Solving MNIST dataset classification using Neural Network

In this article I am going to classify the handwritten digits from MNIST DATASET. This dataset contains 60,000 training image samples, each image is 28x28 and 10,000 test sample as well. There are four main file associated to this dataset you have to download in order to use it. More information about the dataset can be found here.

The MNIST database of handwritten digits, available from this page, has a training set of 60,000 examples, and a test set of 10,000 examples. It is a subset of a larger set available from NIST. The digits have been size-normalized and centered in a fixed-size image. It is a good database for people who want to try learning techniques and pattern recognition methods on real-world data while spending minimal efforts on preprocessing and formatting.

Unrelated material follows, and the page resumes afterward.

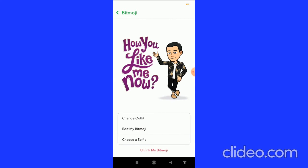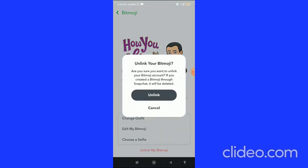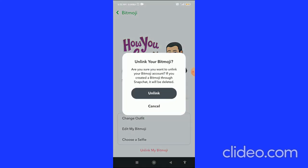When you click on Bitmoji, you come to this page and here you can see the option 'Unlink my Bitmoji' at the bottom. You have to click on that option — 'Unlink my Bitmoji' — and then click on 'Unlink' again to confirm. When you click Unlink, your Bitmoji is removed from your account.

First of all, we need to know how to read these files. I am going to read it and plot some of the images. This is a simple code to read all images into memory:


	import numpy as np
	import matplotlib.pyplot as plt
	from struct import unpack
	f = open('train_image.minst', 'rb')
	fl = open('train_label.minst', 'rb')
	magic_label = fl.read(4)
	magic = f.read(4)
	magic_label,  = unpack('>I', magic_label)
	magic,  = unpack('>I', magic)
	if (magic == 2051):
		print('Reading magic number...OK')
	else:
		print('Wrong magic number...exit')
		exit(0)
	#end if
	if (magic_label == 2049):
		print('Reading magic label number...OK')
	else:
		print('Wrong magic label number...exit')
		exit(0)
	#end if
	# number of label = number_of_image
	dump = fl.read(4)
	number_of_image,  = unpack('>I', f.read(4))
	print ("Number of training image : {}".format(number_of_image))
	number_of_rows,  = unpack('>I', f.read(4))
	number_of_cols,  = unpack('>I', f.read(4))
	print ("Images are {} by {} pixels".format(number_of_rows, number_of_cols))
	print('Reading All images into memory', end='')
	sys.stdout.flush()
	image_set = np.zeros((number_of_image, number_of_rows, number_of_cols), dtype=np.float64)
	image_label = np.zeros((number_of_image))
	read_count = 0
	for i in range(0,number_of_image):
		for j in range(0, number_of_rows):
			for k in range(0, number_of_cols):
				val,  = unpack('B', f.read(1))
				image_set[i, j, k]  = val/255.0
			#end for k
		#end for j
		data = np.ravel(image_set[i])
		data = ' '.join(map(str, data))
		image_label[i], =unpack('B', fl.read(1))
		q="{0:b}".format(int(image_label[i])).zfill(4)
		q=' '.join(list(q))
		str_out = data + ' ' + q
		#fminst.write(str_out + "\n")
		read_count +=1
		if(read_count % 100==0):
			print('.', end='')
			sys.stdout.flush()
	#end for i
	print("DONE!!!")
			
Now we have all the images in image_set variable and all their corresponding labels in image_label variable and to plot some samples we use this code:

	#for example to show the fifth image in dataset
	# plt is the alias for matplotlib.pyplot
	plt.imshow(image_set[5, :, :], cmap='gray')
	plt.show()
		
These are some samples I plotted:

As you can see some of the samples are even hard to read for human (What is the digit in second row, third column below?).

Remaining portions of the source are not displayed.